Traditional Remote Management Solution (TR-1)


IPMI 2.0 is preferred as the remote management solution. A fully functional traditional remote management solution (TRMS) may be proposed as a backup.

Remote Console (TR-3)

The TRMS will interface to the console port of on every node in the SU. The TRMS console interfaces will be aggregated in Terminal servers on the Management Ethernet. The TRMS will interface to the power plug on every node of the SU. The TRMS power interfaces will be aggregated in a power control device on the Management Ethernet.

Remote Node Power Control over Management LAN (TR-3)

Remote access to power control device over the management LAN will be accomplished through a command line interface that is can easily be scripted with the Linux Expect utility. The power control device will be capable of turning each node’s power off and turning each node’s power on and querying the power state of the node. The power control infrastructure will be able to reliably power up/down all nodes in the SU simultaneously. Reliable here means that 1,000,000 power state change commands will complete with at most one failure to actually change the power state of the target nodes.

IPMI and BMC Remote Management Solution (TR-1)

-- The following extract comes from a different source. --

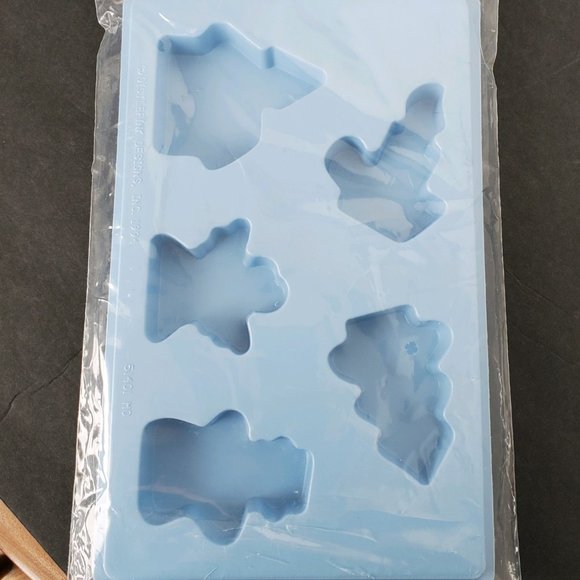 Vintage Candle Magic Candle Molds - Christmas Shapes - Picture 2 of 4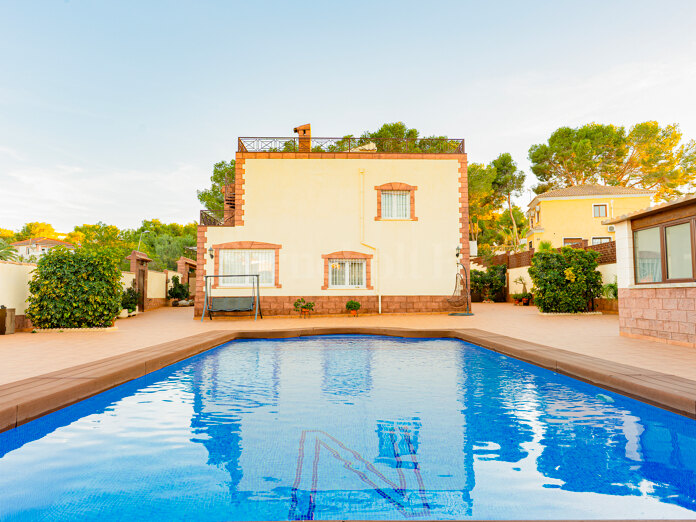 Geräumige Villa mit Gästeapartment in Los Balcones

Node remote management will be accomplished with IPMI 2.0 and a baseboard management controller (BMC). In the event that the BMC is not integrated to the base motherboard, the BMC daughter card (or equivalent) will be proposed. The Offeror will provide a fully compliant IPMI 2.0 implementation that will operate with FreeIPMI (http://www.gnu.org/software/freeipmi) including satisfying all IPMI specification mandatory requirements. All security relevant features in the IPMI specification must be supported and configurable. All IPMI functions will be utilized from Linux and there should be no requirements for any DOS based utilities. Offeror will provide a Linux command line utility or utilities that allow upgrade and verification of BMC firmware and BMC configuration values. The command line utility will allow reading of necessary BMC configuration parameters and writing of necessary BMC configuration parameters. Linux command line utilities for firmware upgrades must be able to work in-band. An out-of-band only firmware upgrade solution is not acceptable. BMC configuration will be based on FreeIPMI bmc-config utility (http://www.gnu.org/software/freeipmi). All security-relevant fields such as usernames, passwords, keys, user access, channel access, authentication, and enabling/disabling of features shall be configurable. Although it is not sufficient to ensure IPMI 2.0 compliance, it is highly recommended that the subcontractor verify that their systems pass at least the FreeIPMI IPMI compliance tests described in http://www.gnu.org/software/freeipmi/freeipmi-testing.txt. Offeror’s proposed solution will not require OEM IPMI extensions for setup, monitoring or remote manageability. If IMPI OEM extensions are required, the subcontractor shall provide documentation on the extensions explaining additional commands, IPMI error codes, device error codes, sensors, system event log (SEL) events, sensor data repository (SDR) records, field replaceable unit (FRU) records, etc. so that they may be added into FreeIPMI. The documentation shall be detailed enough so that LLNS can understand the OEM extensions fully. Offeror will publicly release documentation on any OEM extensions (see http://www.gnu.org/software/freeipmi/freeipmi-oem-documentation-requirements.txt for OEM documentation requirements).
The IPMI solution will allow the following requirements below to be met concurrently over the SU management LAN.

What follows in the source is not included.